Attention, nous ne disons pas que ces aspects n’étaient pas pris en compte par le passé, mais mon expérience d’auditeur m’a permis de constater de nombreux cas où les entreprises se sont contentées de gérer les aspects environnementaux classiques, facilement maîtrisables, sans approfondir l’analyse de ces thèmes qui devront désormais être développés.
L’évaluation pourrait également s’étendre à l’origine des matières premières, à leur disponibilité future et aux impacts environnementaux de la chaîne d’approvisionnement.
Enfin, l’évaluation pourrait inclure les risques liés aux inondations, aux phénomènes climatiques extrêmes, aux vagues de chaleur (cela vous dit quelque chose ?), aux coupures d’eau, etc.
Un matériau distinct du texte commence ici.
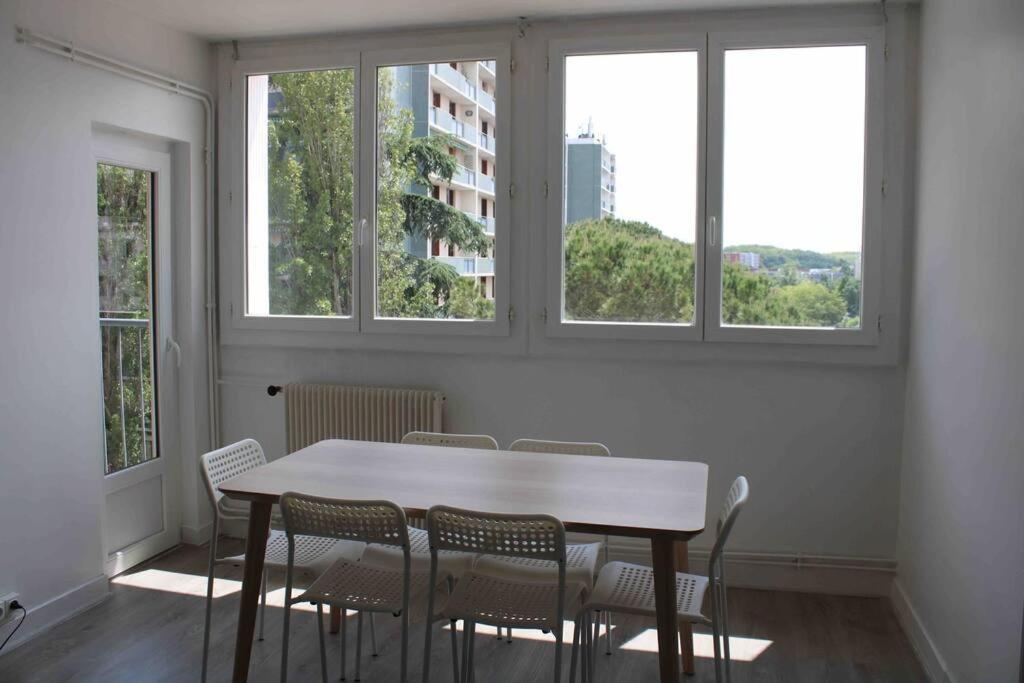 Appartement Au Pied Du Metro. Toulouse Bagian luar foto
Autant d’éléments susceptibles de générer des impacts environnementaux secondaires.
Implications pour une entreprise de transport
Dans le secteur des transports, les aspects environnementaux traditionnels sont généralement la consommation de carburant, les émissions, le bruit et les déchets.
La révision de 2026 élargit considérablement le champ d’application en interdisant l’exclusion des émissions ayant un impact sur le climat, y compris les émissions indirectes.
Les phénomènes climatiques extrêmes peuvent affecter les infrastructures, les dépôts et les réseaux logistiques (voir les cas très récents d’incendies) ; ces éléments pourraient devenir de nouveaux aspects environnementaux à évaluer.
L’approche du cycle de vie conduit à prendre en compte les impacts liés à la production des véhicules utilisés, à l’élimination des batteries, à l’approvisionnement énergétique et à la maintenance, autant de thèmes d’une importance capitale pour les entreprises de transport.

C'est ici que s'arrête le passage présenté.